When the Michigan DNR Procedure Act was enacted more than 20 years ago, it was pointed out that advances in medical technology had made it possible, in some cases, to continue the life of a person whose heart and respiratory system had stopped functioning. Through contemporary life-saving techniques, people who appear to have died sometimes can be revived. The statute recognized that these interventions are not welcome in all cases. The same applies today regarding children with incurable conditions. Medical technology is such that babies who would not have made it to term in the recent past, now are being born and kept alive. Children with severe birth defects are living longer than ever, sometimes far exceeding doctors' expectations.
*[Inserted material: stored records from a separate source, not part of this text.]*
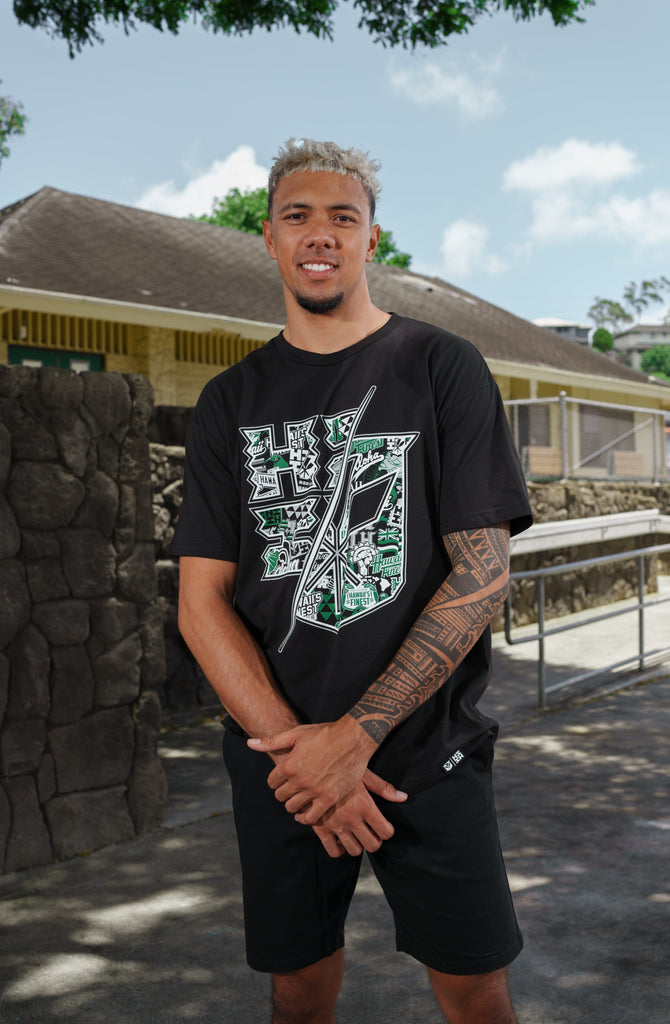WARRIOR STICKERBOMB SPLIT LOGO T-SHIRT Shirts Hawaii's Finest SMALL 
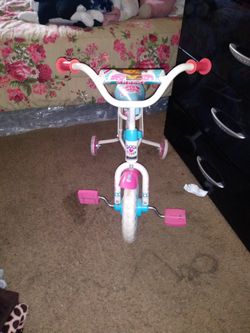 Girl Bike And Dora Table With The Umbrella And Chairs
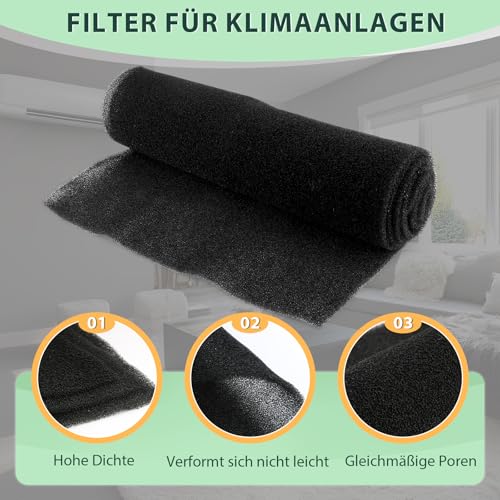 TGHongKy 1.5m*40cm*6mm Filter für Klimaanlagen Klimaanlagenfilter Aktivkohlefilter für Klimaanlagen Klimaanlagen-Filter Universal-Klimaanlagenfilter mit Staubschutzhülle für Klimaanlagen XXX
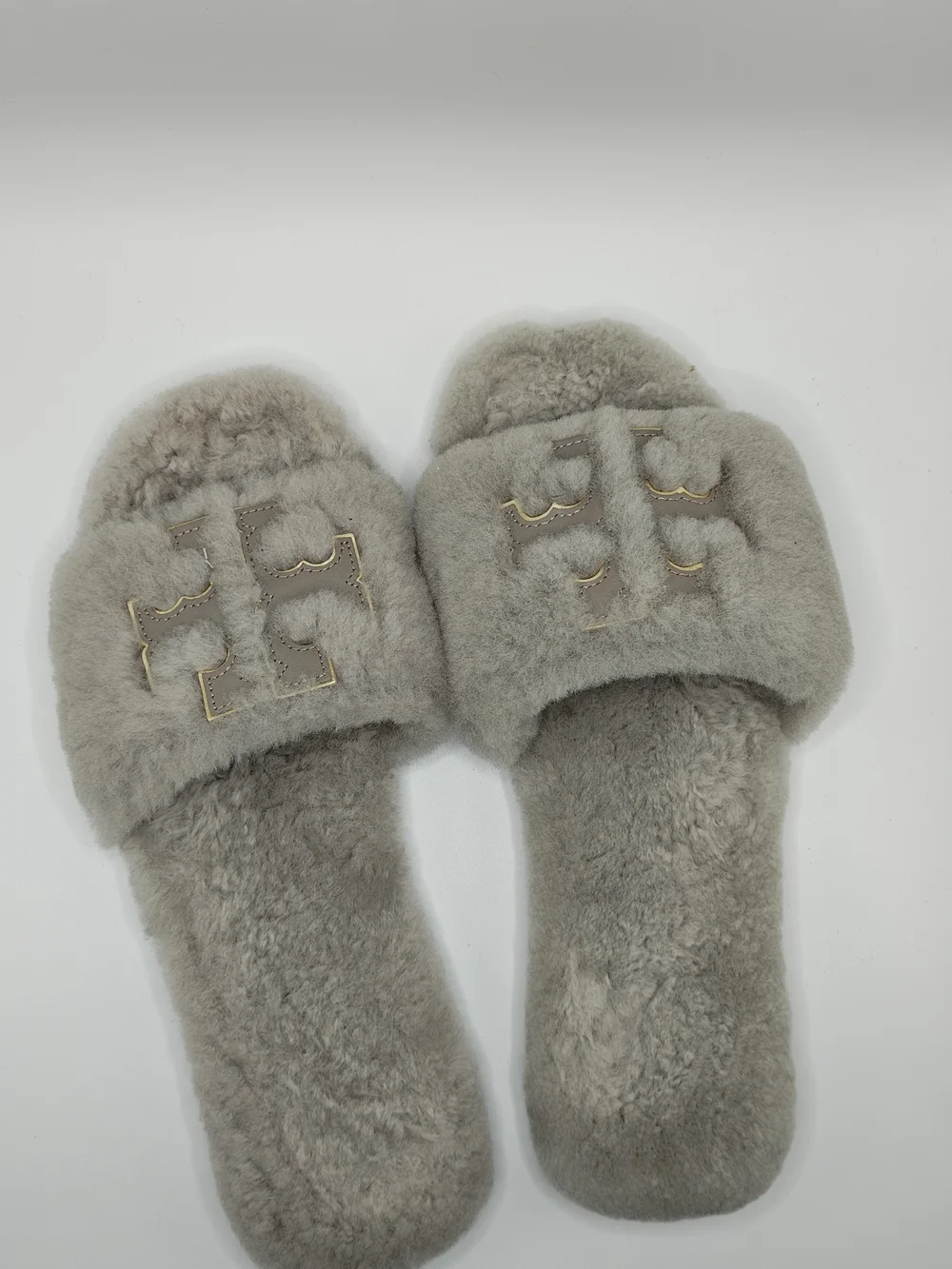 Tory Burch -Fur Slide Slippers in Light Gray Size 8 - Picture 4 of 7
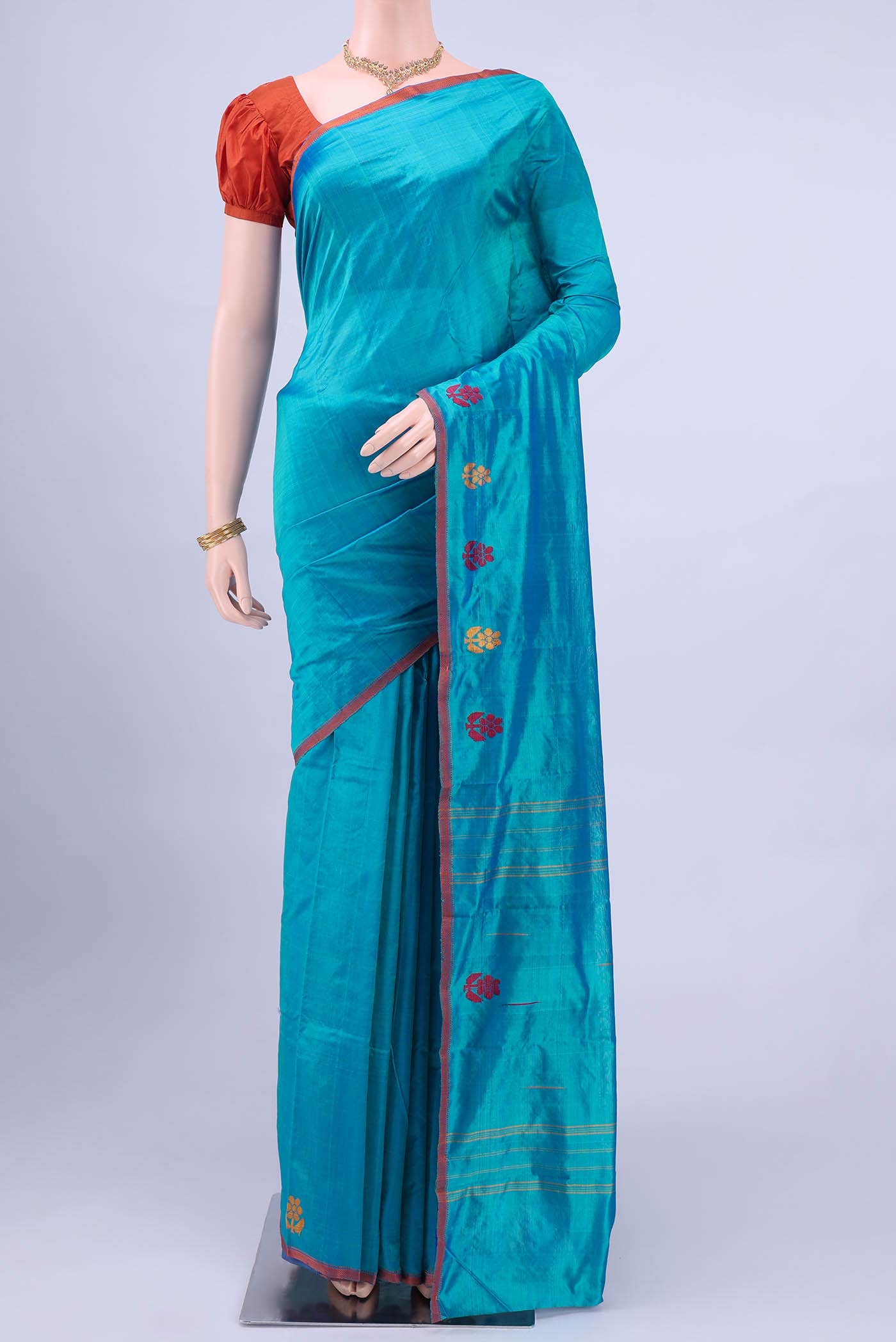 Dark Blue Kanchipuram Silk Saree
These children deserve the best possible quality of life, including educational opportunities, for as long they survive. Under this legislation, parents would not have to fear that unwanted CPR would be performed if their children attended school, and children with terminal conditions would not be denied the benefits of going to school.
Legislative Analyst: Suzanne Lowe
FISCAL IMPACT
Senate Bills 784 (S-2) & 786 (S-1)
The bills would have no fiscal impact on State or local government.
Senate Bill 827 (S-1)
The bill would have no fiscal impact on the State, and minimal or no impact on local units of government. Schools that received do-not-resuscitate orders or POST forms would have to create files and update them annually for pupils without an individualized education program. For pupils with an IEP, schools would need only to update the information in the pupils' files and update them annually. Due to uncertainty in the number, location, and IEP status of pupils who would have a do-not-resuscitate order or POST form, an exact cost is difficult to estimate, but would likely be negligible.
Michael Siracuse
This analysis was prepared by nonpartisan Senate staff for use by the Senate in its deliberations and does not constitute an official statement of legislative intent.